U.S. health authorities said Tuesday that they will now ask people to wear masks indoors in parts of the country where coronavirus cases are surging even if vaccinated, citing concerns over the highly contagious Delta variant.
The move marked a reversal from guidelines issued by the Centers for Disease Control and Prevention in May, which said people who have been fully vaccinated no longer needed to wear a mask or physically distance in most cases.
"This was not a decision that was taken lightly," CDC Director Rochelle Walensky told a teleconference, as she explained the updated guidance calling for vaccinated people in areas "with substantial and high transmission" to wear masks in public indoor settings.
The announcement led the White House to re-impose a mask requirement for its staffs for all indoor spaces on the premises.
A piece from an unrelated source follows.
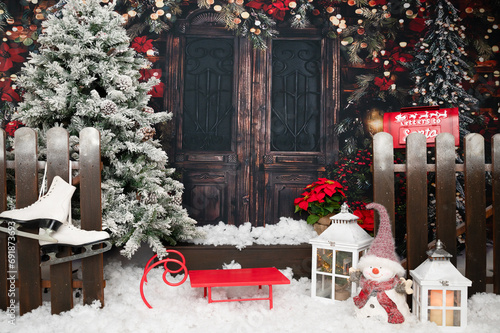 An old wooden pivot door is decorated brightly with christmas and new years decoration the place seen from the exterior typical christmas wreath and ornamental decoration, snowman and christmas tree photo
Walensky said areas defined as "substantial" transmission are those that have 50 to 100 cases per 100,000 residents over a seven-day period, while "high" transmission is more than 100 cases per 100,000 in the same period.
She attributed the turnaround in the mask guidance to "new science" related to the Delta variant of the coronavirus, which was first detected in India and remains the predominant variant circulating in the United States.
"In recent days, I have seen new scientific data from recent outbreak investigations showing that the Delta variant behaves uniquely differently from past strains of the virus that caused COVID-19," Walensky said, adding, "In rare occasions, some vaccinated people infected with a Delta variant after vaccination may be contagious and spread the virus to others."
Walensky said vaccines continue to do an "exceptional job" in protecting individuals from severe illness, hospitalization and death, but "the big concern is...the next variant that might emerge."
The novel coronavirus is "just a few mutations potentially away" from becoming able to evade the vaccines, she warned.
According to the CDC website, higher levels of community transmission are currently seen in many areas in the southern and western states.
About 60 percent of the adults in the United States have been fully vaccinated, meaning that two weeks have passed since they received the second shot in a two-dose series, or since they received a single-dose vaccine.
When the country marked its Independence Day in early July, President Joe Biden declared that the United States was getting "closer than ever" to overcoming the pandemic on the back of the administration's mass vaccination campaign.
But his administration fell short of its goal to have 70 percent of adults inoculated with at least one shot by July 4. The figure stood at 69.1 percent as of Tuesday, according to the CDC.